The long thoracic nerve is checked by having the patient elevate the arm 60 degrees in the anterior sagittal plane while the examiner pushes down on the arm seeking winging of the scapula posteriorly. The nerve of the trapezius is checked by observing the strength of the shoulder shrug. Lesions of the suprascapular nerve produce weakness of elevation and external rotation without sensory loss.
Other diagnostic techniques
Standard radiographs are of limited assistance in evaluating shoulder weakness. Small avulsed fragments of the tuberosity may be seen in younger patients with cuff lesions. Chronic cuff disease may be accompanied by sclerosis of the undersurface of the acromion or traction spurs in the coracoacromial ligament from forced contact with the cuff and the humeral head. In large cuff tears the head of the humerus may be subluxated upwards toward or against the undersurface of the acromion. In cuff tear arthropathy the humeral head may have lost the prominence of the tuberosities (become "femoralized") and the coracoid acromion and glenoid may have formed a deep socket (become "acetabularized").

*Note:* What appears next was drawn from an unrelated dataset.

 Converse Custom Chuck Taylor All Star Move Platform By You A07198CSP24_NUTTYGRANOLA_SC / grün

A number of different studies are available for imaging the rotator cuff. The single contrast arthrogram can reveal full thickness cuff defects by revealing leakage of injected contrast material from the joint into the subacromial subdeltoid bursa. Magnetic resonance imaging can reveal some information about the tendon and muscle. Ultrasonography can reveal the thickness of the various components of the cuff and the extent of cuff defects. Each of these tests adds expense to the evaluation of the patient.

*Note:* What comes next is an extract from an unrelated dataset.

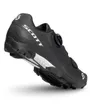 Chaussures VTT Enfant MTB FUTURE PRO Noir/Blanc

Resources can be conserved by not ordering imaging tests unless it will change the management of the patient. Patients under the age of 40 without a major injury are unlikely to have significant cuff defects; thus cuff imaging will not be helpful in their evaluation. At the other extreme patients with weak external rotation and atrophy of the spinatus muscles whose plain radiographs show the head of the humerus in contact with the acromion do not need cuff imaging to establish the obvious diagnosis of a rotator cuff defect. Finally the management of patients with nonspecific shoulder symptoms and an unremarkable physical examination is unlikely to be changed by the results of a cuff imaging test. In summary cuff imaging is usually not needed where a cuff tear is very unlikely (a 35-year-old with the minimally traumatic onset of shoulder pain) or where it is very likely (a 70-year-old with gradual onset of shoulder weakness spinatus atrophy and radiographic evidence of contact between the head of the humerus and the acromion). The primary indication for cuff imaging is to establish the diagnosis in situations where it would affect treatment such as a 47-year-old with weakness of flexion and external rotation after a major fall on the outstretched arm.
Electromyography can be an important diagnostic test for the patient with shoulder weakness in the absence of cuff lesions. It is particularly helpful in younger patients with a history suggestive of cervical radiculopathy or suprascapular nerve lesions and a physical examination showing neurological signs.